I had the same prob when I first started making pie crusts as well, so after a few times, I’m sure you can get a hang of it. 
Vibi wrote @ December 1st, 2008 at 5:08 am
Welcome to the club, Didally! …and thank you so much for participarting with me this week! You have indeed, every reason to be proud of your accomplishment, as after all this work… the final results are there to speak for themselves: Beautiful!
noobcook wrote @ December 1st, 2008 at 9:42 am
It still looks great to me =D Hope you succeed the next round =) what a nice pastry idea for thanksgiving.
ovenhaven wrote @ December 1st, 2008 at 5:35 pm
Oh it’s such a pity it didn’t go well! I’m baking stg from BFMHTY today, and after having read discouraging feedbacks from TWD-ers, I’m beginning to wonder if I should’ve just sticked to my go-to recipe. But at the very least, we all have our ups and downs in the kitchen, right? I’m glad you gave the pie a try 
terri wrote @ December 1st, 2008 at 9:02 pm
hi thanx for checking out my blog. u have a great blog here! and i love pecan pies, yum!
Yay! an updated post. lol! and didally showing a failed pie? haha. not a bad idea, to show a failed experiment instead everytime so beautiful. like the imperfect flaws made your beautiful creations shine out more : )
I made nutella cupcakes that day, and yeah it rise in the oven, and sink when i brought it out. I was so sian i didn’t take any photos of it man. haha.
but your photos this time round looks kind of dark? or is it intended this way?
Hannah wrote @ December 3rd, 2008 at 4:20 am
Aw, sorry this pie didn’t work out for you- Crusts can definitely be tricky. At least you’ll know for next time and perhaps be happier with the results, right?
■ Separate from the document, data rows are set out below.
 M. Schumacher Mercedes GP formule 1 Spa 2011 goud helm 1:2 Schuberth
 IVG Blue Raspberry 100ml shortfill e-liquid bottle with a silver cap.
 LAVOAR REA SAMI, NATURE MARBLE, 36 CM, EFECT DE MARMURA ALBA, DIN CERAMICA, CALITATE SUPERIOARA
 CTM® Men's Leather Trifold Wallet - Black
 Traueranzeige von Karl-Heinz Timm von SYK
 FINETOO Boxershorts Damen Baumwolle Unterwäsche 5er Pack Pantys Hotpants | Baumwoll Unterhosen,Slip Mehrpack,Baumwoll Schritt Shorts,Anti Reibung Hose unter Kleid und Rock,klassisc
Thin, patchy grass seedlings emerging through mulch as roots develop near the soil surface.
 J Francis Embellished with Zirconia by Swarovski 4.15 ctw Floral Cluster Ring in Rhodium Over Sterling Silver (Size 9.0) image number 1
It’s all a learning process… 
Sihan wrote @ December 4th, 2008 at 1:31 am
welcome to the club! anyway. i don’t quite get it, you mean the filling was soft or the crust? cause from the looks of it, the prebaked crust looked pretty fine to me?
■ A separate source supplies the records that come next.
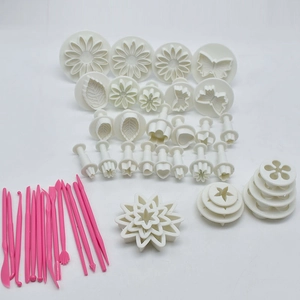 47pcs fondant baking tool set with white plunger cutters and pink sculpting pens
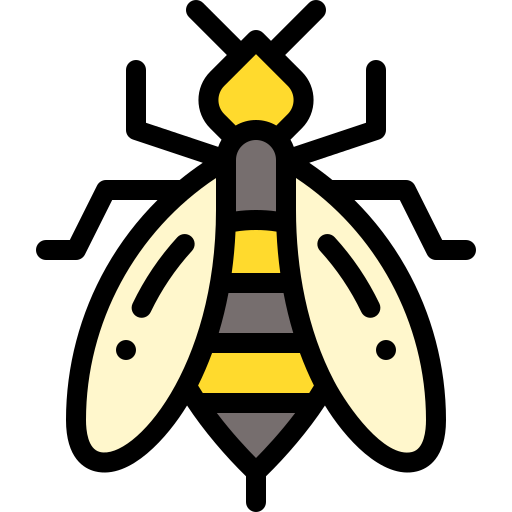 Abeja Detailed Rounded Lineal color icono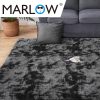 Floor Rug Shaggy Rugs Soft Large Carpet Area Tie-dyed – 140 x 200 cm, Black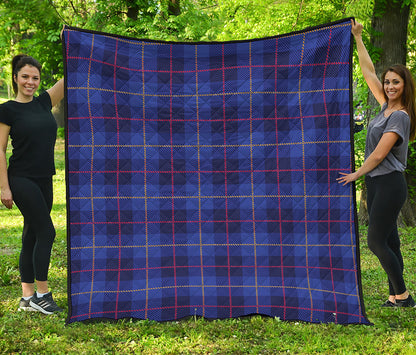 Deep Blue Stewart Tartan Print Quilt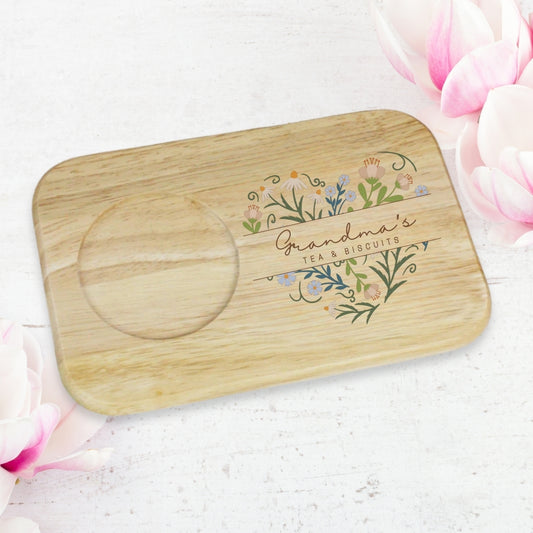 Personalised Tea & Biscuit Board - Floral Design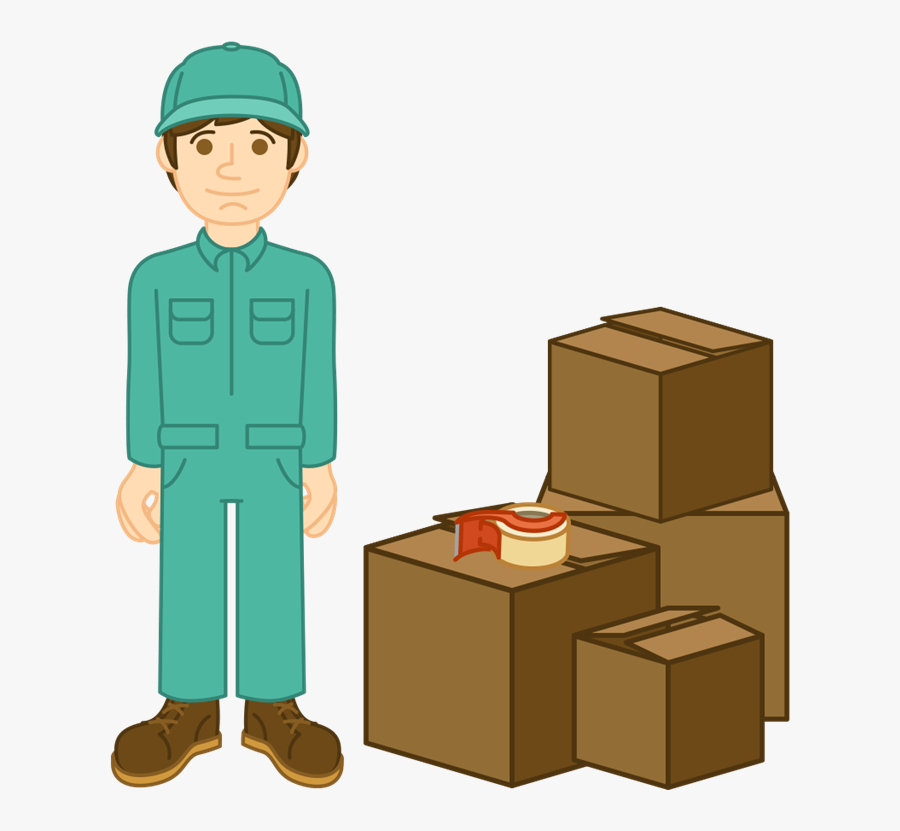 Moving Man In Blue Next To Box Pile - Packers And Movers Clipart Png, Transparent Clipart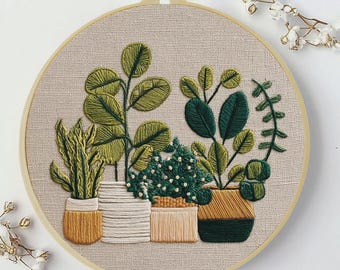 Plant embroidery kit: beginner embroidery kit, starter DIY craft kit, botanical embroidery design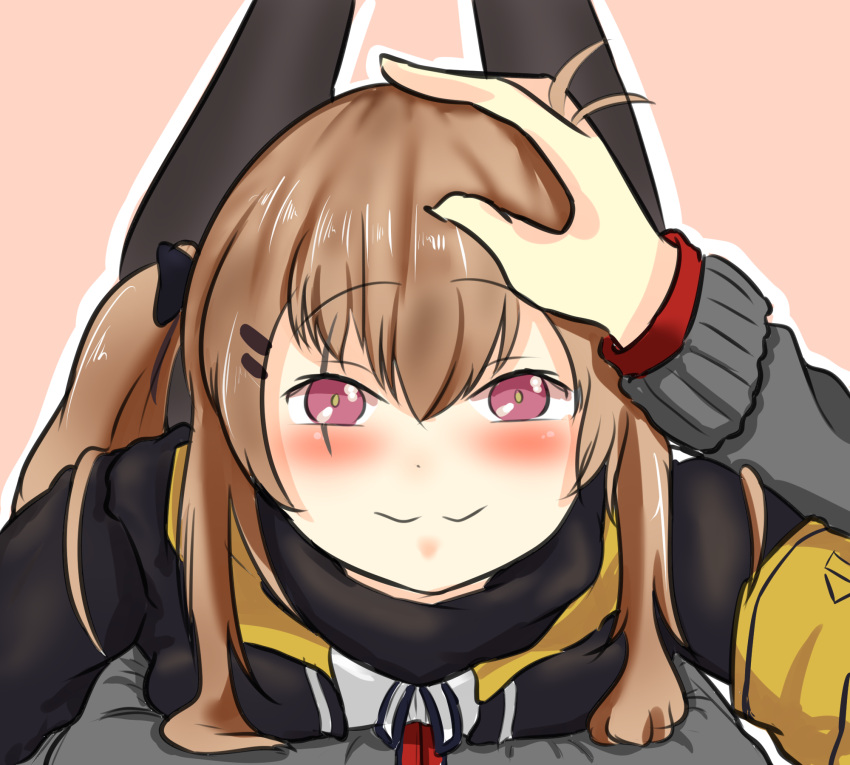 1boy 1girl :3 abineko97 armband black_jacket black_ribbon blush breasts breasts_on_chest brown_hair collared_jacket commander eyebrows_visible_through_hair feet_up girls_frontline hair_ornament hair_ribbon happy highres jacket looking_at_another lying lying_on_person petting red_eyes ribbon scar scar_across_eye shirt smile ump9_(girls_frontline) white_shirt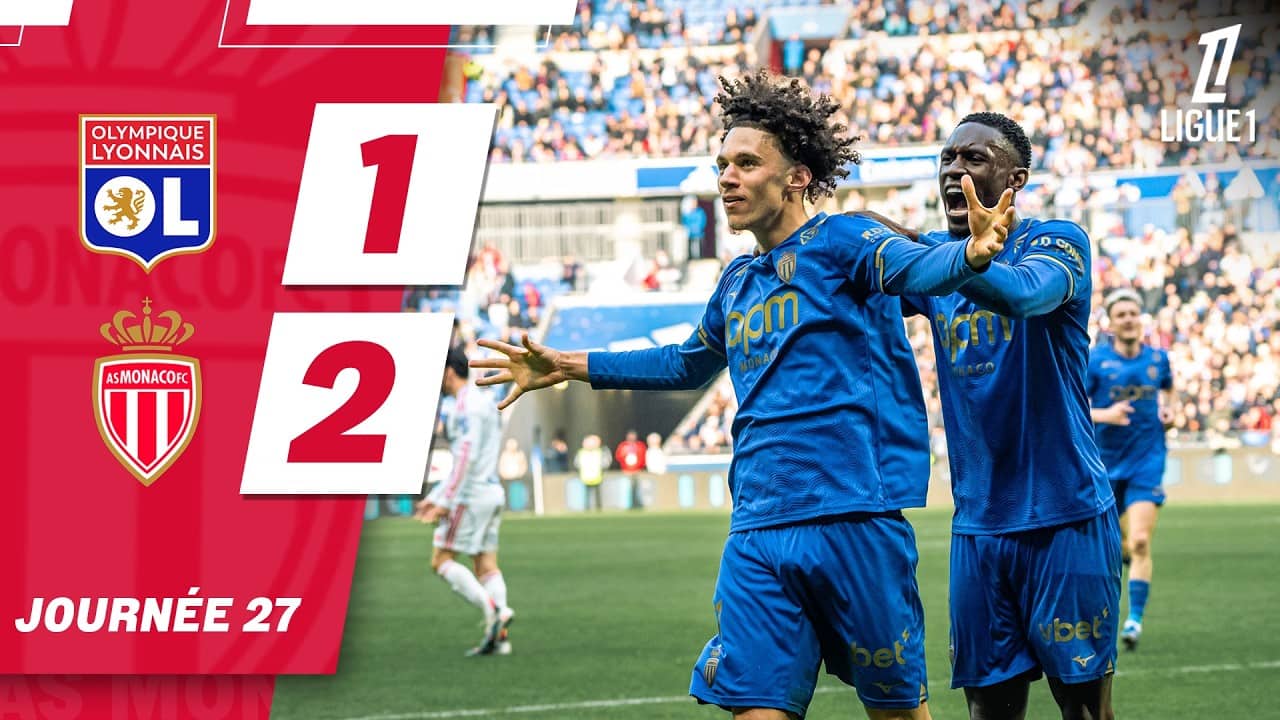 Résumé, OL 1-2 AS Monaco (Akliouche, Balogun) - 27e journée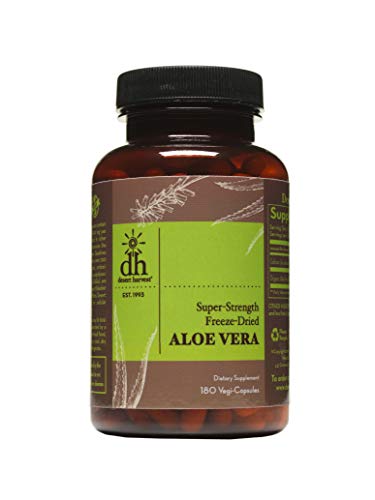 Desert Harvest Super-Strength 100% Organic Aloe Vera Supplement (180 Capsules), 600 milligrams containing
Eunice wrote @ December 4th, 2008 at 2:50 am
Really now, your pumpkin pecan pie atually looks REALLY GOOD! And you say it wasn’t fit to eat!? Reading your post helped understand a little. But I am outraged. A good looking pie, not fit to eat? SACRILEGIOUS!
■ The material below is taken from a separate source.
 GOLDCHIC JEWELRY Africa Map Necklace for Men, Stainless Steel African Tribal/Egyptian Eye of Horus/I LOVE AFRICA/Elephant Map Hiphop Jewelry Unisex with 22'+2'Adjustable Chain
Hehe, I hope your linzer cookies turn out fabulous though!!!
didally wrote @ December 16th, 2008 at 3:44 pm
Piggy: Terrible mistake I’ve made!! I used the wrong amount of butter. Argh… It’s ok. It’s an experience indeed. Shall try making tarts again.
Thanks for the tips!
Vibi: I would hope they taste good too. Oh well, better luck next time.
noobcook, ovenhaven, hannah: Thanks for the encouragement!
terri: Thanks for dropping by!
LIC: The photos are taken at night with my compact cam. The lightings are not good but I needed to post it fast. So yeah, i was tired to do a proper shot. lol
Sihan: I thought the tart look ok too, until I sliced it. It was SO greasy cos I doubled the amount of butter instead. hahah… The pumpkin filling was soft, didn’t harden.